With the UvA’s greater financial concerns, financial expertise was brought in-house. The Maagdenhuis itself offers a dismal illustration: when not occupied, this university administration building houses twenty-one employees dealing with Real Estate Management, thirteen with Finance and Control, eight in Strategy and Information, and only seven in Academic Affairs.
What did all this mean for scholarship and teaching? For scholarship, it meant that funding was tied more and more to academic output according to key performance indicators; it introduced metrics for things that aren’t so precisely measurable, and the agenda was set more and more by national funding organizations. (Are four articles that happen to appear in peer-reviewed journals better than one solid book? And isn’t that demand for specialized, wetenschappelijk [“scientific”] production at odds with the simultaneous demand that we “valorize” our work and grandly proclaim its social relevance?)

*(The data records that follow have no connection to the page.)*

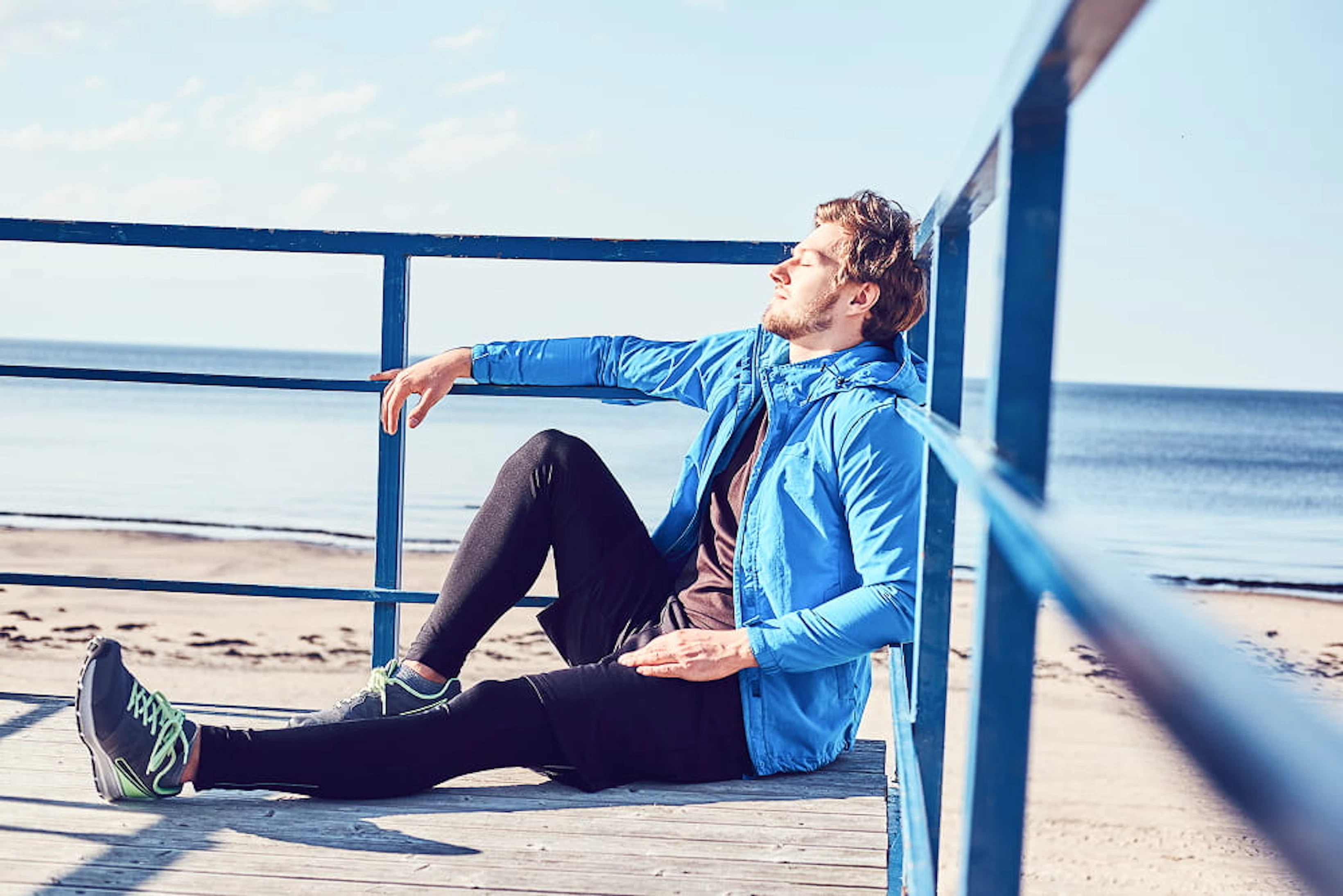 sportive young man is chilling near sea while sitting balcony bright sunny day 1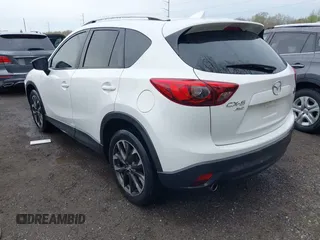 2016 Mazda CX-5 Grand Touring with VIN JM3KE4DY3G0838204, listed as a IAAI auction lot 41961049 with 98,918 mi miles and . Bid and sale history available at carsss.com. Image 3.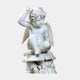 Seated Cherub Angel Marble Outdoor Sculpture by Giant Sculptures, 60cm white marble Puck figure cross-legged on mushrooms, against a plain grey background.
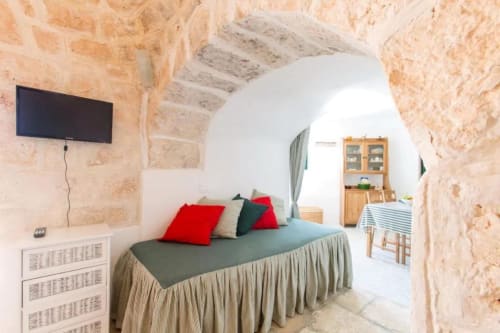 Camera Ada Trullo presso Pietra & Luce, Ostuni con muri in pietra, letto, cuscini rossi e TV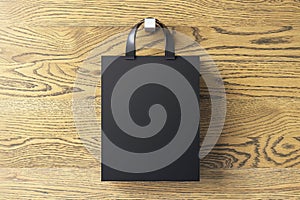 Shopping or present concept with front view on blank dark craft bag with silver handles and space for company logo or advertising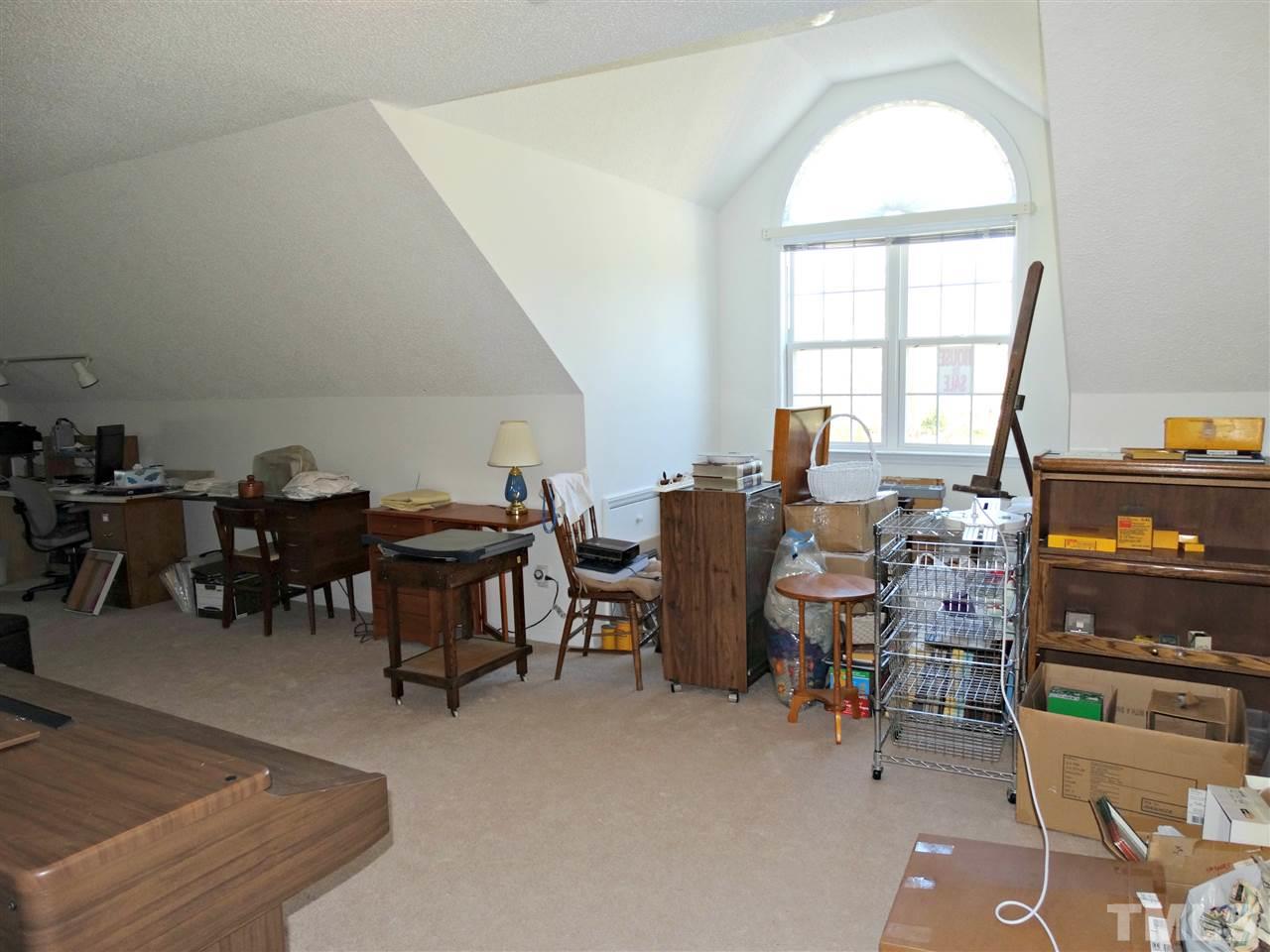4916 Topstone Road Raleigh, NC 27603 - Photo 20 of 25 a view of a livingroom with furniture and window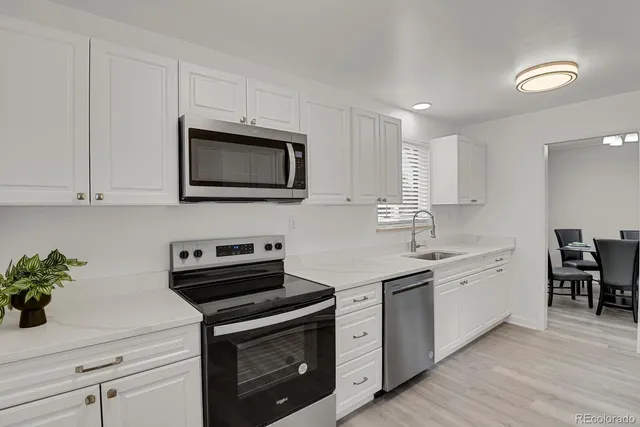 a kitchen with cabinets stainless steel appliances a sink and wooden floor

For teaching, it means deprofessionalization, in that it erodes professional security and relies more and more on cheaper, nonpermanent contracts. Curricula are streamlined, and degrees are churned out at a faster pace. Engelen et al. worry that the university is becoming “a Fordist production machine for academic certificates.” Students have less time and money to pursue their studies, even as the labor market is less welcoming than it was before the crisis.
It has also meant more administrative bullshit. David Graeber’s new book on bureaucracy proposes an “Iron Law of Liberalism”: “any market reform, any government initiative intended to reduce red tape and promote market forces will have the ultimate effect of increasing the total number of regulations, the total amount of paperwork, and the total number of bureaucrats the government employs.” That seems to apply here, too. Efficiency-thinking has not been not very efficient.
How much this resembles or doesn’t resemble the management of American universities, public or private, I am not sure. Top-tier American universities have treated endowments like hedge funds, successfully or unsuccessfully, and a flourishing endowment can sustain humanities departments, after all, even if it might transform the humanities into a luxury for a privileged elite. The US also has a different tradition of elite academic philanthropy: an alliance with capital that undergirds the radical critiques of capitalism produced by history and literature departments.
If the UvA’s management had been better at quasi privatization, maybe our coffers would be flush with cash and we wouldn’t be out marching. But that’s immaterial now. Whether corruption, malice, or well-intentioned ineptitude drove the CvB, the yield of its rendementsdenken has been the contrary truth that a public university in a strong welfare state should be a refuge from financialization, not its epitome. Universities are “collective repositories of the long history of human knowledge and wisdom,” the radical geographers write in Antipode, in poignantly conservative tones, and it’s high time “to kick the bean counters and their managerial allies out of our temple.”
March 4: Ultimatum
On Wednesday, March 4, ReThink UvA gave the administration six demands, and a deadline. The first three were immediate and specific: 1) that there be a moratorium on restructuring and property sales; 2) that the CvB agree to “initiate a detailed proposal on how they intend to facilitate a democratization of the UvA and restore the relations of trust they have undermined, or else resign from their posts”; 3) that they initiate an independent investigation of the university’s financial situation (since the budget crisis, tied up as it was with real estate and high financial modernism, had been shrouded in mystery). The other three represent broader ideals, like quality over quantity, a better balance of teaching and research, a real path to advancement for temporary staff.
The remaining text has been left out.